Harruq didn’t understand her need for condemnation, but he wasn’t about to give it.
“Qurrah may have asked me to bring him children, but the guilt was always mine,” he said. “When it all comes tumbling down, we’re responsible for our actions. I’ve always believed that. Qurrah was strong, so strong. His decisions were his own. I’d have had a better chance of convincing the sun to rise in the west and set in the east than make him change his mind once it was set. You and him, together, you were broken then. You were lost. I have to believe you both worked to make amends for your sins, because otherwise…otherwise, what salvation is there for mine?”
He hoped his words would give her comfort, but it seemed to have done the opposite. Tessanna crumpled in on herself and fresh tears slid down her cheeks. For a brief moment he thought sorrow had overtaken her, but when she spoke, he realized she wasn’t despairing, but drowning in fury.
“You don’t understand,” Tessanna said. “I need you to hate me. I need you to tell me I’m a terrible person, because right now my only desire is to tear this whole damn world down to its roots. I want to bathe it all in fire. I want to slaughter everything and everyone until I create a land of corpses. If I’m not a horrible person, if what I want isn’t horrible, and evil, and bad, then I should…I sh
ould…I will…”
Violet flame sprouted from her hands and wreathed her arms. Black light shone from her cavernous eyes. Anguish rolled out of her in waves, and Harruq felt it as if her sorrow was a physical force. Her control was a fraying thread growing ever thinner. Harruq wished he knew what to say, what to do, but he was the dumb idiot who hit things with swords. Where was Lathaar or Jerico with their fancy words? Where was Tarlak to crack a joke, or Haern to whisper a bit of wisdom taught to him in his childhood years?
But Harruq had to do something, for he truly believed her serious in her desire. So he did what he did best: be himself. Be honest and stupid and serious and nonsensical.
Harruq risked the fire. He endured the burn. His hands wrapped about her wrists, and he met her terrifying gaze.
“You’re not evil. And you’re not broken. You’re hurt, and you want to spread that hurt so you don’t feel alone. But you’re not alone. I’m here. I’m no Qurrah, but I can try my best. Would a raspier voice work? Maybe mutter something about how big a buffoon that silly Harruq is? I’m not sure black is my best color, but I could give it a try…”

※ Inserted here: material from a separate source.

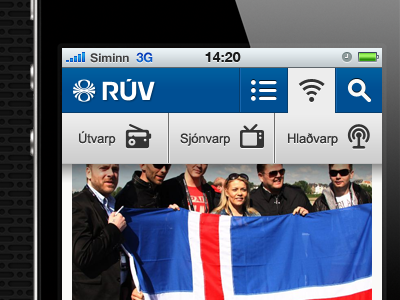 Mobile web for The Icelandic National Broadcasting Service blue icons iphone menu mobile ui web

Amazingly, an uneven laugh broke through her rage. The fire faded, and though her tears still flowed she leaned into him, allowing her tiny little self to be buried in his muscles.
“Gods and goddesses above, you’re such an oaf,” she said. “Aurelia is lucky to have you.”
“I’m pretty sure I’m the lucky one. Any sane elf would have looked at the complete disaster that I was and ran the piss away.”
“The same could be said for all of us. Who among us isn’t a complete wreck?”
“I don’t know. Maybe Jerico?”
Tessanna nestled into him, her long black hair covering her face like a cocoon. “He has his own scars, I assure you. I even gave him some of them.”
They fell silent, lost in their own memories. Harruq kept his hand gently on the small of Tessanna’s back, and he let her spend the next few minutes silently weeping into his chest. It was controlled, though, as much control as could be expected. As for himself, he stared into the deep black of the forest, listening to the chirping of insects and remembering a thousand nights spent as children racing about the streets of Veldaren with his brother.